With this proc:
proc rfib(n: int): int =
if n < 2:
return n
rfib(n - 1) + rfib(n - 2)
the compiled binary takes more than 10 minutes to compute rfib(50). With similiar code in Go, it's 1 minute, and with Zig, it's 39 seconds. If I use a non-recursive loop-based version, Nim's times are equal to Zig and faster than Go, being all within 1 to 2 milliseconds. So I wonder why Nim's recursion is orders of magnitude slower than the others. I'm evaluating languages for developing recursive descent parsers, so recursion speed seems really important.Language | Time in s | compiled with |
---|---|---|
Nim | 0.456 | nim cpp -d:release fib.nim |
Nim | 3.845 | nim c -d:release fib.nim |
C++ | 3.843 | g++ -O3 -o fib fib.cpp |
C | 3.902 | gcc -O3 -o fib fib.c |
Having to produce simple RST tables instead of grid table or markdown table is really annoying btw
Having to produce simple RST tables instead of grid table or markdown table is really annoying btw
You don't have to do it anymore on Nim devel, but the forum hasn't been updated yet.

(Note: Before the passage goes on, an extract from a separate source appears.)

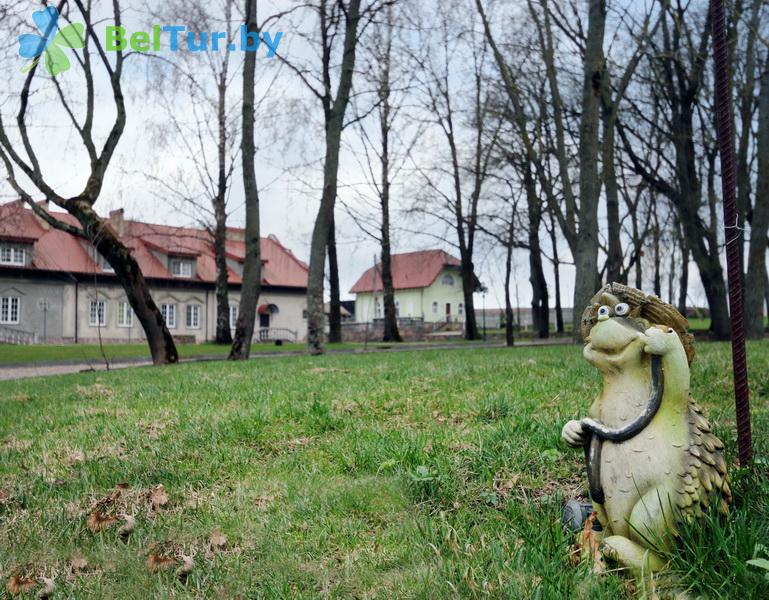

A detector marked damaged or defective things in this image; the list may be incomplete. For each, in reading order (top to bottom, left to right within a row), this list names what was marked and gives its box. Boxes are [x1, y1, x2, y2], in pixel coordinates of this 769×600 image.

rusty metal rod [708, 0, 752, 464]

@dude_the_builder - as explained in the thread @mratsim links to and mentioned here the relevant family of gcc optimizations is partial recursion inlining. You can confirm this with call counts (gcc -pg & gprof) and closed form formulas for how many calls to expect and how many get used in various impls. You may find it interesting that the number of calls is very closely related to the value of the result.
The basic trick, replacing f(n)=f(n-1)+f(n-2) with f(n)=f(n-2)+2*f(n-3)+f(n-4), can be done manually in any language (but several more levels to match what gcc is likely doing..pretty sure you get binomial/Pascal's Triangle coefficients). When I looked at the assembly gcc-generated assembly was even adding those up cleverly.
Since the number of total calls in the usual recursion is exponential in n (for the non-inlined impl) but the number of terms grows only by one each substituion/n decrement, this can make huge changes in total work done. (Note this optimization is distinct from "memoization" for small arguments at the bottom of the recursion and any double recursion is an awful way to calculate the series, but almost all know this and "the whole point" is the inefficiency.)
Because auto-inlining is finicky/sensitive to internal compiler code complexity metrics, you should be careful to report your gcc -v and exact compilation options when discussing this (and maybe say which CPU you are using if -march=native is in play). nim c --verbosity:2 can show you exactly how nim c invokes gcc.
You may have better luck steering gcc with gcc --param=max-inline-recursive-depth-auto and friends than when I tried. As far as I know gcc is the only compiler doing this (not clang/Intel/Microsoft). It would be interesting to hear otherwise, especially if the others are easier to control. In principle, the right compiler flags may make the speed-up almost arbitrarily larger, like 1000x faster.
I doubt even 1000x would get the message out to count calls since there are a zillion examples going back to the dawn of programming to fight against. Auto-memoization at minor space cost is about as simple a transformation as inlining/many other modern C compiler optimizations and gives an even bigger O(exp(n)/n) speed-up. I know of no compilers auto-memoizing yet, but the risk has always been there.
I doubt we need worry about compilers "solving the recursion" to get the closed form formula for Fibonacci or similar, but that is also possible theoretically, at least for linear recurrences with constant coefficients. (Knowing how to evaluate the formulae accurately enough to be equivalent may be hard enough to prevent any automatic optimization...).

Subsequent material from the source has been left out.